Hungry For God

Tuesday, February 27, 2007

Having One of Those Days...

I am really struggling with being in Falls City today...I am tired of not having friends my age here...okay, I have one...I'm tired of the cold weather. I am tired of looking at all of the tacky yard crap - fake deer, dogs, fake flowers, etc...and I'm tired of meeting hopeless people, who don't want to change, people who just got out of jail or who are going to jail...lots of people here have experience with jail.

If I want to recycle, I have haul it all to a city an hour away...there's not even a movie theater here anymore. There used to be one that showed one movie at a time (maybe 2?) but they closed it down, and now all of the windows have been broken out. There is sits. Shattered glass still on the ground...only one window boarded up...the other left open for the meth addicts.

I'm tired of feeling alone, of not having anyone who can watch my child if I have to go to the doctor or even if I just want a break. I really need one right now. I am tired of not having a nice big grocery store that sells organic food, or ethnic food, and I'm tired of not having a coffee shop. I'm tired of having to drive an hour away if I need a new pair of jeans or if I want to buy groceries...or if I want to see a person who is not white.

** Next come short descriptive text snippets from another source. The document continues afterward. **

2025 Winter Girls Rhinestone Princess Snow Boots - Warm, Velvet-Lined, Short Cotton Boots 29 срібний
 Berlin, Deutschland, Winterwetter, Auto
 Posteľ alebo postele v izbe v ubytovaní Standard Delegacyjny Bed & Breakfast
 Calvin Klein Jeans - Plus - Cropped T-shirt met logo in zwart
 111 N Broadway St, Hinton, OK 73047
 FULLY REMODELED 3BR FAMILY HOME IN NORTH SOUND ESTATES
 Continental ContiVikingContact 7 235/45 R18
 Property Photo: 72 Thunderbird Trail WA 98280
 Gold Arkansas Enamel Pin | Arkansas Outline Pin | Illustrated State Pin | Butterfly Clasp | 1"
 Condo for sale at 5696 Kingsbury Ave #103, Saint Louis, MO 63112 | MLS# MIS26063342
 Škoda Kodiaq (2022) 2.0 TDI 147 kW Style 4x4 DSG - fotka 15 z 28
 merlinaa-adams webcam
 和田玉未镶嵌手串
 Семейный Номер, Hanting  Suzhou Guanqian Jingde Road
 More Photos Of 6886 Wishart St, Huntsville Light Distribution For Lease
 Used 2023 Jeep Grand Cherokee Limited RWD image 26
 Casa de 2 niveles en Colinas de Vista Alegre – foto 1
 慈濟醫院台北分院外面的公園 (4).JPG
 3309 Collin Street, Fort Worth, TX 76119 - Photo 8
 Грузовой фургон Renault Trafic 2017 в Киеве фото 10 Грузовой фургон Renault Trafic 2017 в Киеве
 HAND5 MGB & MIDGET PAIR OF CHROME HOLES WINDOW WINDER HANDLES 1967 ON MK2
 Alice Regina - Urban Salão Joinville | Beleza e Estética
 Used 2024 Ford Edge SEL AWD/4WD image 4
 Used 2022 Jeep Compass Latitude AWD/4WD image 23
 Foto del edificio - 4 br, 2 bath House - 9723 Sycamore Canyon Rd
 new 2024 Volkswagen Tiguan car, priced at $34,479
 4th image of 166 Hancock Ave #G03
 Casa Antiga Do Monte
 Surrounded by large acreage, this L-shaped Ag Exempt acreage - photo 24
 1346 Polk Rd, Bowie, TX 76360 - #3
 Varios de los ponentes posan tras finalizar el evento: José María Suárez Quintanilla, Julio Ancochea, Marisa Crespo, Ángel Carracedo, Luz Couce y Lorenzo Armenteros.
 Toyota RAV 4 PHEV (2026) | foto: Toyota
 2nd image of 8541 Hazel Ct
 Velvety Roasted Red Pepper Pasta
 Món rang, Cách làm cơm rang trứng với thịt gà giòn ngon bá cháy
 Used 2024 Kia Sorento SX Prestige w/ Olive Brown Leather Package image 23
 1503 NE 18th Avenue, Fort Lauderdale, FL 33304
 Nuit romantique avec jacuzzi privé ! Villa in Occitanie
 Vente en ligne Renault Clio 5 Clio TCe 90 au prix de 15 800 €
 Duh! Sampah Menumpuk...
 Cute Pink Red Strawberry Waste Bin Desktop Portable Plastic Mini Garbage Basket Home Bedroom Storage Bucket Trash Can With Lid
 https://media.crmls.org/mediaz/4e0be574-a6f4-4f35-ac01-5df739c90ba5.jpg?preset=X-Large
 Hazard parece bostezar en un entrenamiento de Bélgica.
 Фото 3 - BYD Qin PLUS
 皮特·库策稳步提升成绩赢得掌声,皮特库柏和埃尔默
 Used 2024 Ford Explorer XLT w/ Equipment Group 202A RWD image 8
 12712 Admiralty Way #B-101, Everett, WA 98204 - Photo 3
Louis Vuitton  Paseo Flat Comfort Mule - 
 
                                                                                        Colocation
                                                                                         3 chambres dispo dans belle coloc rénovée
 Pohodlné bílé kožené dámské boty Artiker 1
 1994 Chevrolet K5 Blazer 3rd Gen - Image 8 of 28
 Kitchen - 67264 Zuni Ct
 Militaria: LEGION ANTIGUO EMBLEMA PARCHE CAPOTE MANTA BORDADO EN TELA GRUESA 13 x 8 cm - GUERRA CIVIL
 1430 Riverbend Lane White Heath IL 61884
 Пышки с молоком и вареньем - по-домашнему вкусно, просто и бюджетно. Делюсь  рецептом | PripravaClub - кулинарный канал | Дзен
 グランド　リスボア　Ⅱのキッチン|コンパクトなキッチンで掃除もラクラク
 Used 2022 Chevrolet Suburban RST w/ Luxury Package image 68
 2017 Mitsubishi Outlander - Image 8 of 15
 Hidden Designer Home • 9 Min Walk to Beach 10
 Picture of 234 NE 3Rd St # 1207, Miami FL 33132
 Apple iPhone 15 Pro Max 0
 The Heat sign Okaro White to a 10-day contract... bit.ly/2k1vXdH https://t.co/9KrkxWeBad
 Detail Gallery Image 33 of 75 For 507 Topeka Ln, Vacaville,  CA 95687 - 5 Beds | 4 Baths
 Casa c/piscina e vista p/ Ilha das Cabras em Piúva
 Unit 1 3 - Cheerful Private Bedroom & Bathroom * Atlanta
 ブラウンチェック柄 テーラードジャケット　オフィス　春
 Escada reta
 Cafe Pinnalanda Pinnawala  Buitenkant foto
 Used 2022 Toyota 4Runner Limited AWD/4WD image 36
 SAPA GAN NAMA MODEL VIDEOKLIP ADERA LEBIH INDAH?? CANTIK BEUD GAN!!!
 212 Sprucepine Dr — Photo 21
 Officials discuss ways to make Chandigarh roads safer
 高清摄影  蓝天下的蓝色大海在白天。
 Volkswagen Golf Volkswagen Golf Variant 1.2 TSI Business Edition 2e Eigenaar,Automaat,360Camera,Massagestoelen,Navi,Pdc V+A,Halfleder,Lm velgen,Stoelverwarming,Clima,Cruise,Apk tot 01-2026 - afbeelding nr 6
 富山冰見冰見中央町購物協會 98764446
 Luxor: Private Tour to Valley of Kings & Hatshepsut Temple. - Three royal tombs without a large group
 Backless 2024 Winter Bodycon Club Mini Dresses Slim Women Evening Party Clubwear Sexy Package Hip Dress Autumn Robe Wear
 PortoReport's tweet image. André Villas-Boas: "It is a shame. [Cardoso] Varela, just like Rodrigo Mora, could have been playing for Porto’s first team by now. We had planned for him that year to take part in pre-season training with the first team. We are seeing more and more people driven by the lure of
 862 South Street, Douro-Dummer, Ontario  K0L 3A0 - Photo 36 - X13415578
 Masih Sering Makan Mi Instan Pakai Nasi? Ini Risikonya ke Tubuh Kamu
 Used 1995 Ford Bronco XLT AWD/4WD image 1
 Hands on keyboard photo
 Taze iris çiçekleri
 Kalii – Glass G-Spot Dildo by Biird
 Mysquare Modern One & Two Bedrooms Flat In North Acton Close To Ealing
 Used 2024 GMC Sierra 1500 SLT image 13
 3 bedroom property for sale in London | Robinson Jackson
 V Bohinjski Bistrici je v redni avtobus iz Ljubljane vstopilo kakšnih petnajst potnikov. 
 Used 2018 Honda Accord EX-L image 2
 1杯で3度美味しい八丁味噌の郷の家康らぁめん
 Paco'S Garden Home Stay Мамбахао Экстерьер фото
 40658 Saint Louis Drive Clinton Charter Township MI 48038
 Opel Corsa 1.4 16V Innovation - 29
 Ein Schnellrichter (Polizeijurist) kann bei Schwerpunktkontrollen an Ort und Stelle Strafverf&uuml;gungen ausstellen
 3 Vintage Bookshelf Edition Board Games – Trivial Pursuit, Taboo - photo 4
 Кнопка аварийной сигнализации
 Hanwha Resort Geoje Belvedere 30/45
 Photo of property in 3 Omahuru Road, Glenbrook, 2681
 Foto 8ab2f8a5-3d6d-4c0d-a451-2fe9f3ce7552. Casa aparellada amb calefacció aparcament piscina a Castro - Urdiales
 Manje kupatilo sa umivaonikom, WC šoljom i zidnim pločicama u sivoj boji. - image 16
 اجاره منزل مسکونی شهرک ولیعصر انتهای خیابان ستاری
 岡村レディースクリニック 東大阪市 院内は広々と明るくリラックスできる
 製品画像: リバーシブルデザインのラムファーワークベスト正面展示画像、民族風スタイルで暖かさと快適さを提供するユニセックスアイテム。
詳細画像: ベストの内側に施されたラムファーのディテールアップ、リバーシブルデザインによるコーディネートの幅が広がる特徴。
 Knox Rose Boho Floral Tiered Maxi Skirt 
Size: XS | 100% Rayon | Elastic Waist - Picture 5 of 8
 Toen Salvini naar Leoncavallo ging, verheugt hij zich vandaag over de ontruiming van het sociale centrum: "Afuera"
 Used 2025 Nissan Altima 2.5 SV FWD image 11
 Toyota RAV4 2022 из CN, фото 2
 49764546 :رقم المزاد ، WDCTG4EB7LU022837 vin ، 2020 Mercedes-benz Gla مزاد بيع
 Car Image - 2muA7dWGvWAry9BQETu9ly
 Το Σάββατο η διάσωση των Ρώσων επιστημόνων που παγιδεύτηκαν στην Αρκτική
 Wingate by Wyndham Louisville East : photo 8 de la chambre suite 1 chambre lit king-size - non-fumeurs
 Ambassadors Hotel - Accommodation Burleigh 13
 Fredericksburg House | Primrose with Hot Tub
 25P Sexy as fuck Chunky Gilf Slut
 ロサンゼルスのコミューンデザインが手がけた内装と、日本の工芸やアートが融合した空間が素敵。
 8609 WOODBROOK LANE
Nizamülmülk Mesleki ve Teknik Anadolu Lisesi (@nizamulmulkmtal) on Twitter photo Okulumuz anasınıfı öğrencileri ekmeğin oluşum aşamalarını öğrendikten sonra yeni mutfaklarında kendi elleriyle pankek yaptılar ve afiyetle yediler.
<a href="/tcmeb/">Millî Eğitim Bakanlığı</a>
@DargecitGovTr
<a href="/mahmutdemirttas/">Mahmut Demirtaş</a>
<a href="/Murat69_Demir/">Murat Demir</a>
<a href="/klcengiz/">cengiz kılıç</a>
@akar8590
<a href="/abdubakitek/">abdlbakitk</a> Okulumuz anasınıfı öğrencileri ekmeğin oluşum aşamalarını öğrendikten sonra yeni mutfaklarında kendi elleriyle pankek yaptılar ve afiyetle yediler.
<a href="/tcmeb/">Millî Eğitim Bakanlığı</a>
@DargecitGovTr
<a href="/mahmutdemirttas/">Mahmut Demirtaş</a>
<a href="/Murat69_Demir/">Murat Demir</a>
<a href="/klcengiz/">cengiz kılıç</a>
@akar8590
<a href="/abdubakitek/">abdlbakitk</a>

I am longing for a change of circumstances...which is not likely to happen.

I know that God wants to change me and not my circumstances...I know that He should be sufficient for me...right now....but COME ON!! Sometimes I have to ask Him why there are even places like this? I wonder what He feels when He looks down on this little town...heartbreak? I know why I am here...and I know that it is to do His work, but it is really hard to keep hoping when no one around you thinks there is anything to hope for. Only God can do that. I can't.

I feel like compassion is slowly leaking out of me...and I know just where to turn. The problem is, today I want to wallow in this shithole. I don't want to go to my Father, because somehow I feel like if I stay here, maybe He will have to come here too...and see all of this...and come with power and might and change things drastically.

2 Comments:

  • At 5:37 PM, Blogger Jack The Tech Boy said…

    Hang in there sister!

    Tank you for being so open and honest. My heart aches for you...and you know if mine does, then God's does a million times more!

    I'll be praying for times of refreshing.

     
  • At 4:04 AM, Anonymous Anonymous said…

    Kari,

    I understand soooooooooo totally where you are, and the ache in your heart to connect with other like-minded individuals, to be in a place that is teeming with life, rather than 'not-life.' My guess is that He is doing a deep, deep, deep-rooted work in you that you won't even comprehend till years down the road. Like Abraham, sent to a land that was foreign, away from all of his family and everything familiar. And like Esther, selected to be married to a wicked king for the sake of God's people. And like Jesus. Hmmmmm . . . .

    And just as a side benefit, He IS doing something in others there that you may never see or know of till you glance back from the other side. . .

    No doubt, He is answering your prayers. There is something significant that He does when He pulls us out of circulation. I know all this jargon doesn't help you to feel better in the moment, but I hope it encourages you about your life, and the hope for your future. I expect that one day you will look back on this time and see it for what it really is.

    Until then, I will continue to pray for you.